There is now a standard way to do Web testing, a way to automate interaction with a browser across different browsers and engines. WebDriver was recently published as a W3C Recommendation. It acts as a remote control interface that enables introspection and control of user agents. It provides a platform- and language-neutral wire protocol as a way for out-of-process programs to remotely instruct the behavior of Web, and emulates the action sof a real person using the browser.

WebDriver is widely used day-to-day by Web developers around the world to ensure their Web applications work across multiple browsers. It is also used for cross-browser testing by browser vendors as part of the web-platform-tests effort, in order to catch and eliminate browser incompatibilities before they ship. Read more in the W3C Blog post.

WebPlatform Tests

Since 2014 W3C began work on a coordinated open-source effort to build a cross-browser test suite for the Web Platform: WebPlatform Tests, which W3C, WHATWG, and all major browsers have adopted. Interest from China has recently increased, with more questions on how to generate tests for Chinese browsers.

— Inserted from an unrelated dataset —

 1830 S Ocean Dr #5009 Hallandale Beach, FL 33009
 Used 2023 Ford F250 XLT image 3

Last May WPT moved to its own GitHub repository to facilitate the management of the project and the workload the project generates. With 11K pull requests closed, 32K commits and 1.5K forks as of September 2018, this project is very active.

Web of Data

Context diagram from DWBP doc

All Data specifications

Data is increasingly important for all organizations, especially with the rise of IoT and Big Data. W3C has an extensive suite of standards relating to data that were developed over two decades of experience. These include core standards for RDF, the Semantic Web and Linked Data.

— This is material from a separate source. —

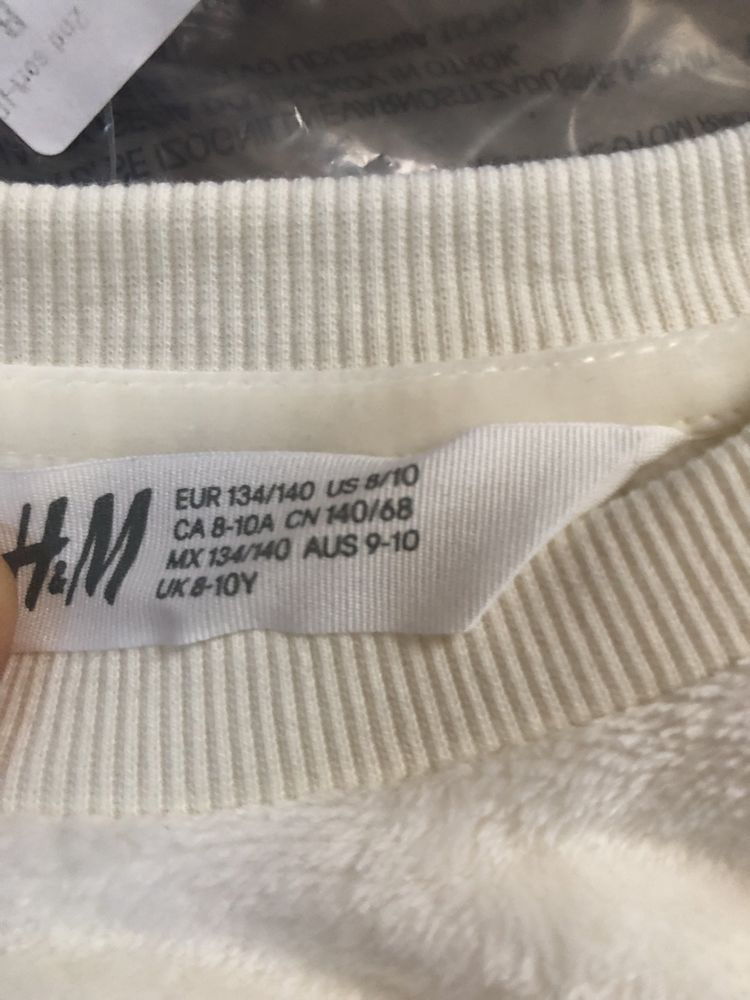 Bluzite blanita noi H&M paiete reversibile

The JSON-LD Working Group has recently started to work on updating the JSON-LD specification which covers a JSON based serialization of RDF. This is assisting the W3C Work on the Web of Things which is seeking to use JSON-LD to describe things as objects with properties, actions and events, independently of the underlying protocols.

A W3C Workshop is being planned for early 2019, on emerging standardization opportunities, e.g. query languages for graph databases and improvements for handling link annotations (property graphs), different forms of reasoning that are suited to incomplete, uncertain and inconsistent knowledge, support for enterprise knowledge graphs, AI and Machine Learning, approaches for transforming data between different vocabularies with overlapping semantics, signed Linked Data Graphs, and work on improving W3C's role in respect to hosting work vocabularies and ontologies.

Web for All

Security, Privacy, Identity

All Security specifications, all Privacy specifications

Web Security is becoming a reality as Web Application Security work is active, the passwordless Web is coming (read in the press how service providers are rolling out strong cryptographic security: Security Boulevard, eWeek, Dark Reading), W3C Workshops focus on how to address the privacy, security and usability challenges presented by powerful hardware sensors, device capabilities, and APIs (September Permissions and User Consent Workshop), and how strong identity and strong authentication should work on the Web (December Strong Authentication & Identity Workshop).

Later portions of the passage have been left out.